- _Recorded data_
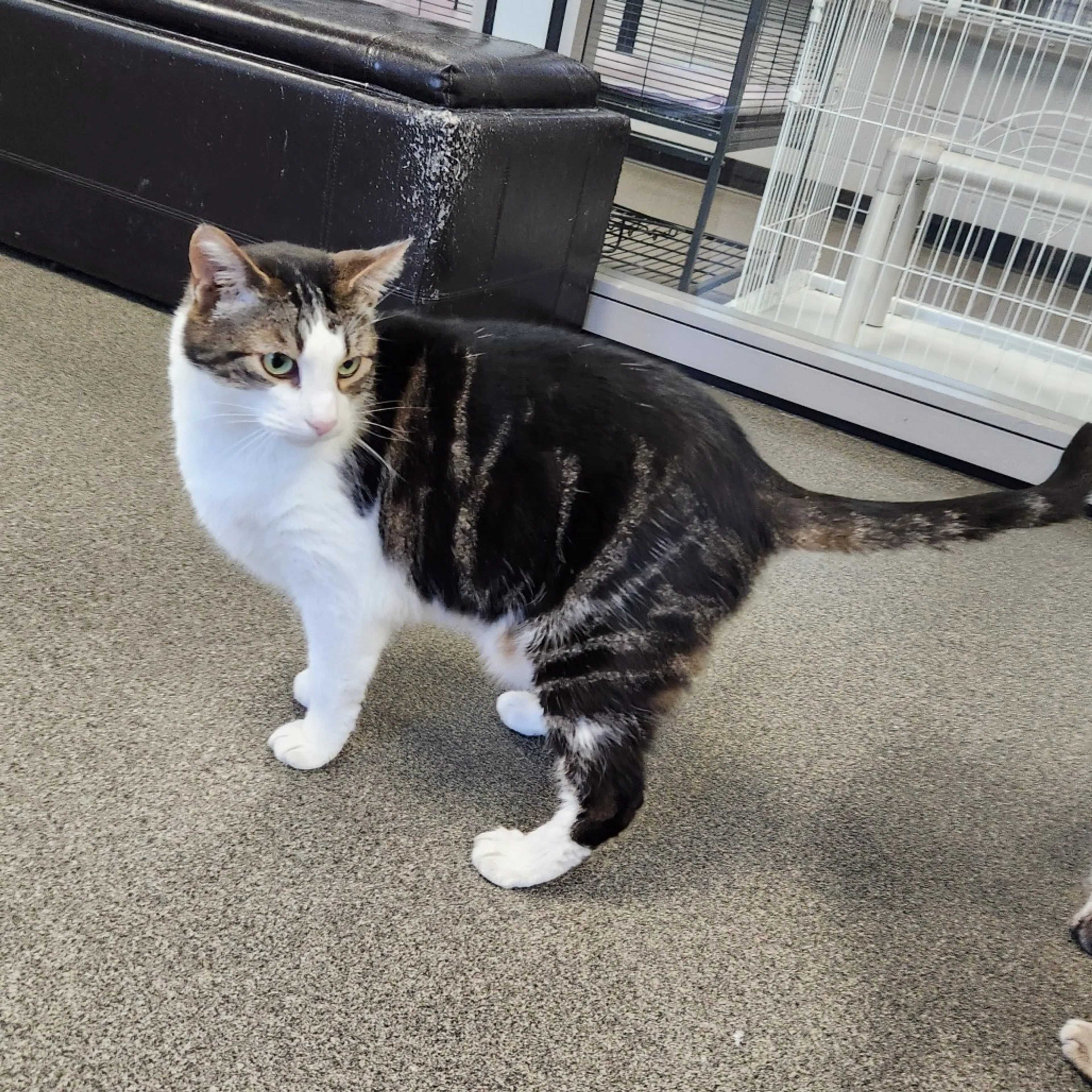 Found pet-5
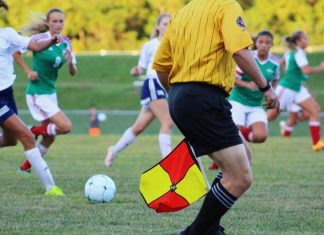 Sports that Continue to Dominate the Industry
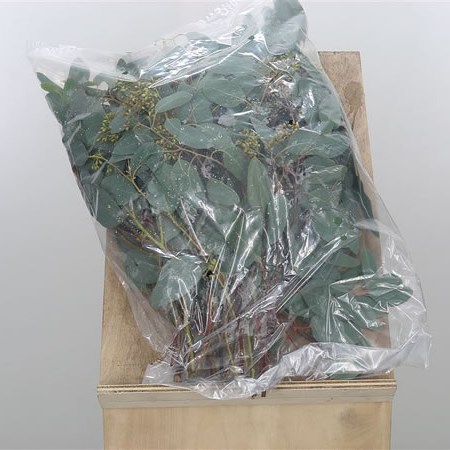 Eucalyptus Populus + Berries (Short Bagged)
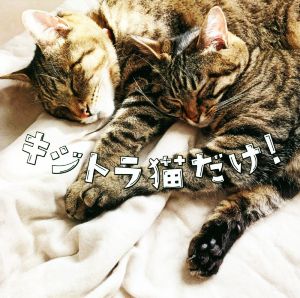 写真集 キジトラ猫だけ！TOKYO NEWS BOOKS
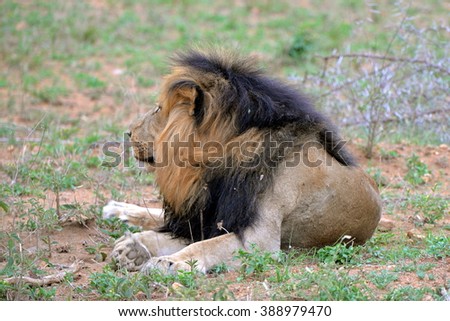 Lion, savanna, lie down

- _What is required_
Nothing but the exact text of the records should appear in your answer, with no pictures. Please write it out.

- _Answer box_
 Found pet-5
 Sports that Continue to Dominate the Industry
 Eucalyptus Populus + Berries (Short Bagged)
 写真集 キジトラ猫だけ！TOKYO NEWS BOOKS
 Lion, savanna, lie down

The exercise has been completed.